The results of this paper are obtained within the framework of the Baekeland Mandate which is jointly funded by VLAIO Vlaams Agentschap Innoveren En Ondernemen (Flanders Innovation and Entrepreneurship) and ArcelorMittal, Belgium. The participation of Ghent University is also acknowledged.

Disclosure statement

No potential conflict of interest was reported by the authors.

Additional information

Notes on contributors

Zaaquib Yunus Ahmed

Zaaquib Yunus Ahmed received his M.Sc. in computational mechanics from University of Stuttgart, Germany.
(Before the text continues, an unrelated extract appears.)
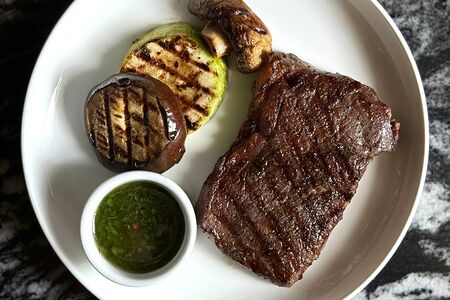 Рибай с овощами гриль и соусом чимичурри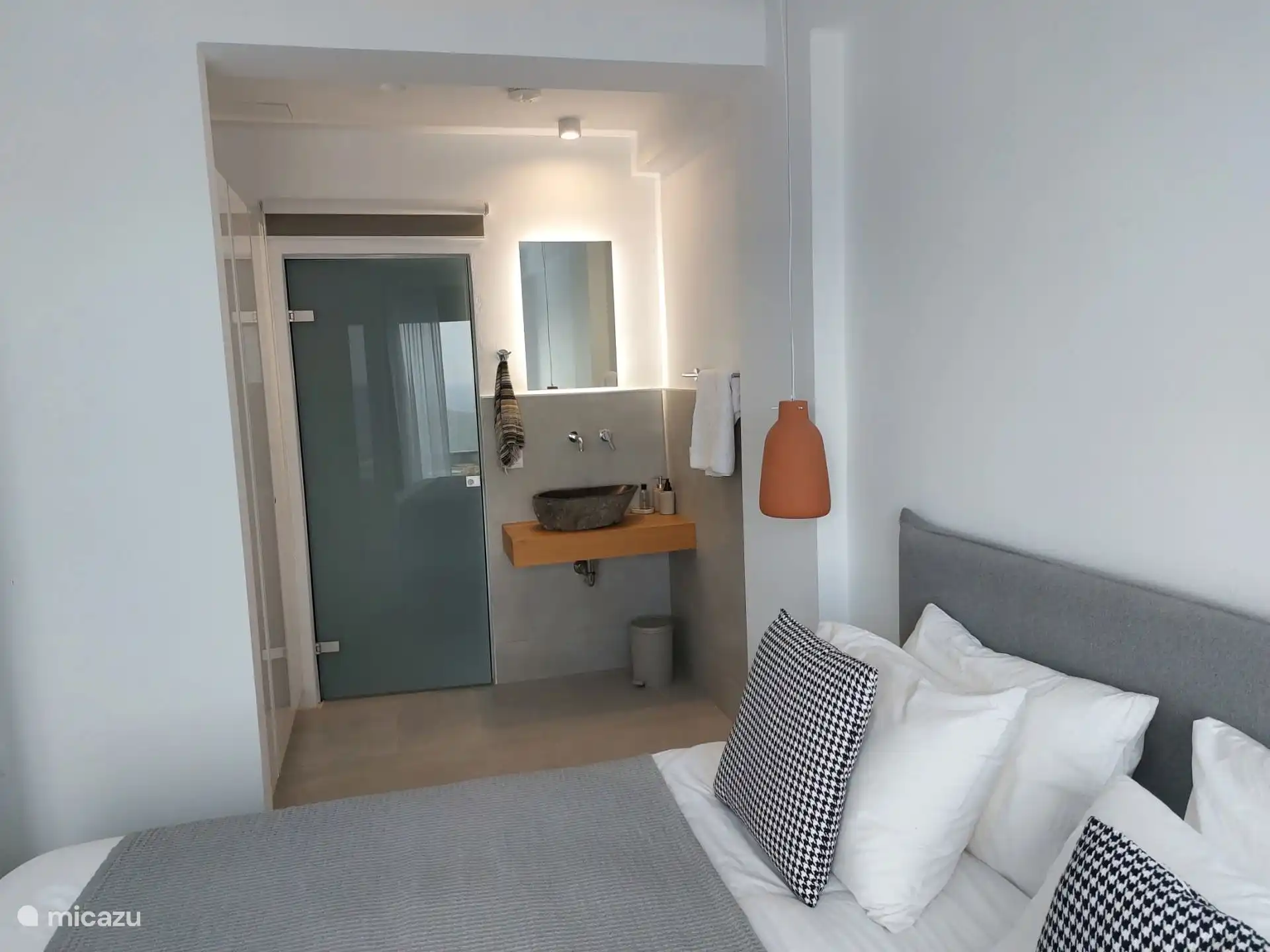 Badezimmer mit eigenem Bad im Hauptschlafzimmer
He is currently a doctoral researcher in the research group Sustainable Thermo-Fluid Energy Systems of the Department of Electromechanical, Systems and Metal Engineering at Ghent University, Belgium. His research includes studying fluid flow behavior using computational fluid dynamics and is currently working on modeling combustion and heat transfer in reheat furnaces.

Ilya T’Jollyn

Ilya T’Jollyn received his M.Sc. degree in Electromechanical Engineering from Ghent University, Ghent, Belgium in 2014. He is currently a teaching assistant and Ph.D. candidate in the research group Sustainable Thermo-Fluid Energy Systems of the Department of Electromechanical, Systems and Metal Engineering at Ghent University, Belgium. His research interests include heat transfer in electrical machines and systems, and he is currently working on two-phase power electronics cooling and innovative motor cooling techniques.

Steven Lecompte

Steven Lecompte is an Assistant Professor at the Department of Electrical Energy, Metals, Mechanical Construction and Systems, Ghent University, Belgium. He obtained his master and Ph.D. degrees in Electromechanical Engineering at Ghent University in 2012 and 2016, respectively. His research is on thermal machines, including thermo-economic optimization, multi-phase processes, expanders, and compressors. In 2016 and 2018 he was a visiting researcher at Imperial College London for in total 5 months doing research on multiphase flows. In 2017 he obtained a postdoctoral fellowship of the Research Foundation - Flanders (FWO). He is chair of the KCORC (Knowledge Center on Organic Rankine Cycle Technology) editorial board and of the ‘Koelplatform’. He is the author or coauthor of more than 60 scholarly articles or conference papers

Toon Demeester

Toon Demeester obtained his M.Sc. and Ph.D. degrees in Electromechanical Engineering at Ghent University, Belgium, in 2016 and 2020, respectively. His Ph.D. thesis was titled “Efficient quasi-Newton methods for steady free surface flow”. He is currently a postdoc in the Sustainable Thermo-Fluid Energy Systems research group of the Department of Electromechanical, Systems and Metal Engineering at Ghent University, with a research focus on numerical methods for flow and heat transfer.

Teun De Raad

Teun de Raad holds a M.Sc. in Mechanical Engineering from Twente University in The Netherlands. He has 20 years’ experience working on the hot strip mill furnaces in ArcelorMittal Gent.

Michel De Paepe

Michel De Paepe is a Professor of Thermodynamics and Heat Transfer at the Department of Electromechanical, Systems and Metal Engineering of the Faculty of Engineering and Architecture of the Ghent University. In 2002, he founded the research group Applied Thermodynamics and Heat Transfer. Research by this team, with about 15 Ph.D. students and 3 staff members, focuses on thermodynamics of new energy systems, performance of HVAC systems, and complex heat transfer phenomena in industrial applications, as in compact heat exchangers, combustion engines, refrigerant two-phase flow, and electronics cooling.